How to check whether one array is a correctly ordered subset of another

Question

I have a few arrays of strings like:

$big = ['html', 'body', 'div', 'table', 'tbody', 'tr', 'td'];
$small = ['body', 'div', 'td'];
$wrong = ['td', 'body', 'div'];

I need to check whether $small and $wrong are to be found in $big. However I need the order to be the same. So my function should return true for $small and false for $wrong. It should be fairly trivial to do it manually but I need the code to be fast. So ideally if there is a built in that achieves this I would rather use that.

So the question is mainly whether such a built in exists. Here is the code I have come up with in case it doesn't:

/**
 * Returns whether the substack is contained in the stack in the correct order.  
 * 
 * @param string[] $stack           The substack to check
 * @param string[] $subStack        The substack to check 
 * @return bool
 */
function stackInStack(array $stack, array $subStack)
{

    // First let's do a simple array diff to save time on an ordered diff;
    // TODO: Check if this actually improves average performance.
    if (count(array_diff($subStack, $stack)) !== 0) return false;

    $stackSize = count($stack);
    $subStackSize = count($subStack);

    $stackIndex = 0;
    for ($subIndex = 0; $subIndex < $subStackSize; $subIndex++) {

        while (
            $stackIndex < $stackSize &&
            $stack[$stackIndex] !== $subStack[$subIndex]
        ) {
            $stackIndex++;
        }

        if ($stackIndex == $stackSize) {
            if ($subIndex <= $subStackSize - 1) {
                return false;
            } elseif ($subIndex > $subStackSize - 1) {
                throw new Exception('Very Strange Exception: subIndex has outgrown subStacksize');
            }
        } elseif ($stackIndex > $stackSize) {
            throw new Exception('Very Strange Exception: index has outgrown stacksize');
            break;
        } 

    }
    return true;
}

Provided a built in doesn't exist or is slow, any tips to improve the efficiency of the above code (other than to rewrite it in c) would also be greatly appreciated.

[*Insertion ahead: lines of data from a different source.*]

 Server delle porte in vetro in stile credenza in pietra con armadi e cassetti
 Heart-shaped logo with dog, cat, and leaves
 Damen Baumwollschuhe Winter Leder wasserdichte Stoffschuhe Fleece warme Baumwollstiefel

Hello? Did you give up??? – AbraCadaver Dec 07 '19 at 00:27 — AbraCadaver, Dec 07 '19 at 00:27

Jeremy Harris · Answer 1 · 2019-11-15T13:03:02.687

2

Assuming your arrays are not too big, you could use string comparisons instead. Something like this:

<?php

    $big = ['html', 'body', 'div', 'table', 'tbody', 'tr', 'td'];
    //$small = ['body', 'div', 'td']; // This is the original
    $small = ['body', 'div', 'table']; // This is for testing
    $wrong = ['td', 'body', 'div'];

    $bigToken = implode($big, ''); // Output: htmlbodydivtabletbodytrtd
    $smallToken = implode($small, ''); // Output: bodydivtable
    $wrongToken = implode($wrong, ''); // Output: tdbodydiv

    if (stristr($bigToken, $smallToken) !== false) {
        echo("Small is in big!");
    }
    elseif (stristr($bigToken, $wrongToken) !== false) {
        echo("Wrong is in big!");   
    }
    else {
        echo("No match found :)");
    }

?>

It basically converts the array to a string and checks if another string is contained inside. Performance wise, that will all depend on how large your actual arrays are, but this ensures the proper order and is easier to maintain.

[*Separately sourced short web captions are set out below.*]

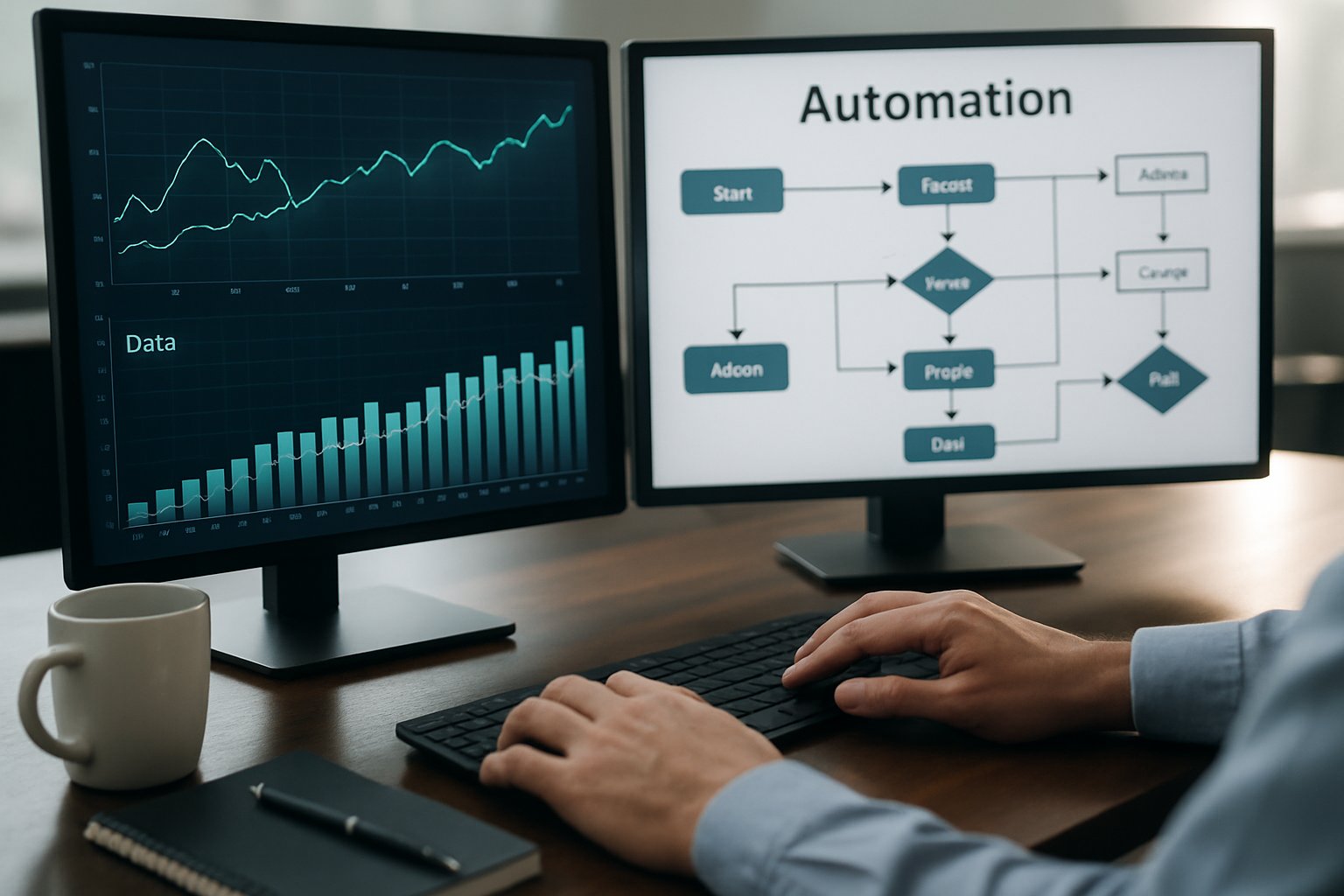 Employee utilizing Workforce Impact Automation tools at their workstation.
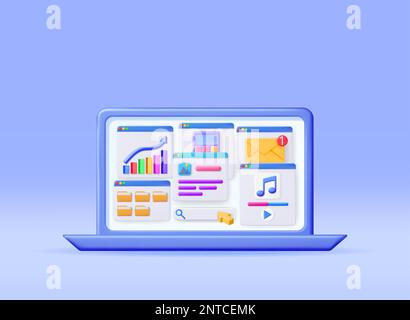 3D Laptop Application Windows Interface Stock Vector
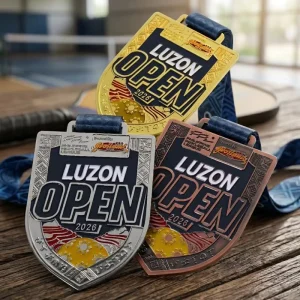 Custom Die-Struck Zinc Alloy Shield-Shaped Enamel Basketball Sports Medals Set with Ribbon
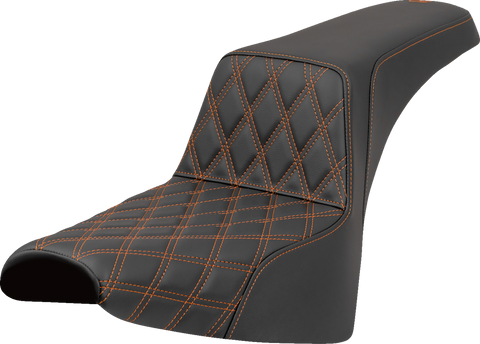 Step-Up Seat - Front Lattice Stitch - Orange Stitch - FXST/FXBB &
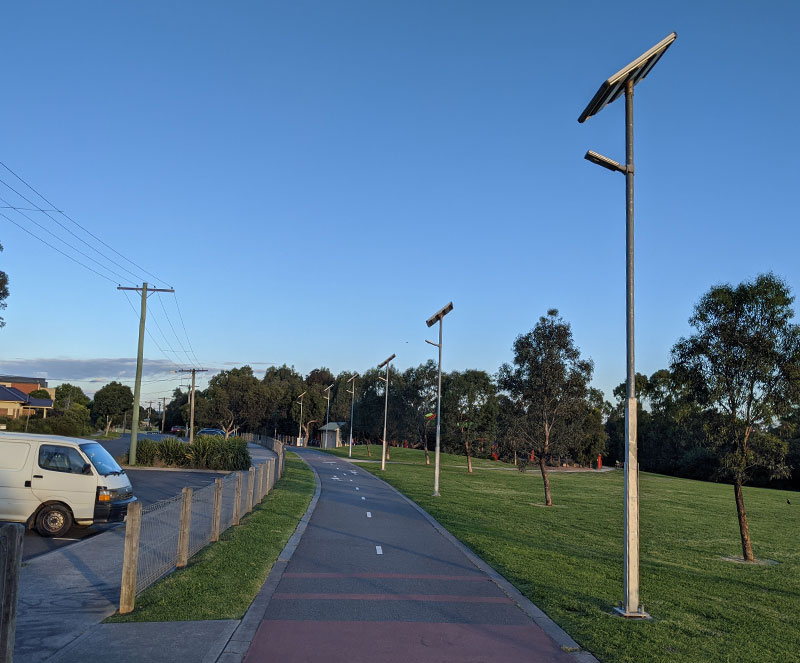 Gardiners Creek Trail solar lighting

As pointed out in the comments below, it would be a good idea to implode with some sort of token to ensure you are correctly separating the tags in instances where there may be a conflict.

edited Nov 15 '19 at 13:03

answered Nov 14 '19 at 15:08

Jeremy Harris

24,318
13
79
133

I think substr_count() is faily faster than stristr() – Oliver M Grech Nov 14 '19 at 15:10
nice approach btw :) – Oliver M Grech Nov 14 '19 at 15:10
Thank you, yeah that is probably true. I have never benchmarked it. – Jeremy Harris Nov 14 '19 at 15:13
1

For those who want to optimize this https://stackoverflow.com/questions/20269745/php-what-is-the-fastest-way-to-count-strings-occurrences – Oliver M Grech Nov 14 '19 at 15:18
Maybe a separator would be a good idea, as currently there is nothing to check if something like `tbody` and `t`,`body` would currently be the same string. – Nigel Ren Nov 14 '19 at 15:41
I was ready to dismiss this altogether until I noticed that all the other answers were providing false positives for my use case. It isn't really what I asked for. But it turns out what I asked for wasn't what I needed. It benchmarks better than all the other answers too. 16% better than the best alternative which is a combination of mine and @vivek_23's. Probably because it achieves an easier task. The differences between strpos, strstr and substr_count are more or less negligable, though strpos is ever so slightly faster. – kaan_a Nov 15 '19 at 13:51
It's good at least as a stop-gap solution. Eventually I might replace it with something more sophisticated. But in order to avoid false positives I will need better qualified inputs (for example ['div>', 'table'] vs ['div', 'table'] a la CSS or ['div', 'table'] vs ['div', '/table'] a la xpath) and this will require a significantly more complicated function than anything anyone has written here. Anyways I'm torn on whose answer to accept now. @vivek_23 answered the actual question I asked but I ended up using your code. – kaan_a Nov 15 '19 at 13:53
I am glad it helped. You won't offend me if you don't choose my answer :) – Jeremy Harris Nov 15 '19 at 13:57

Nigel Ren · Answer 2 · 2019-11-14T15:15:27.803

2

This is a bit shorter than your version, it uses array_intersect() to work out the common elements in the two arrays and then compares the result with the sub stack to see if they are the same...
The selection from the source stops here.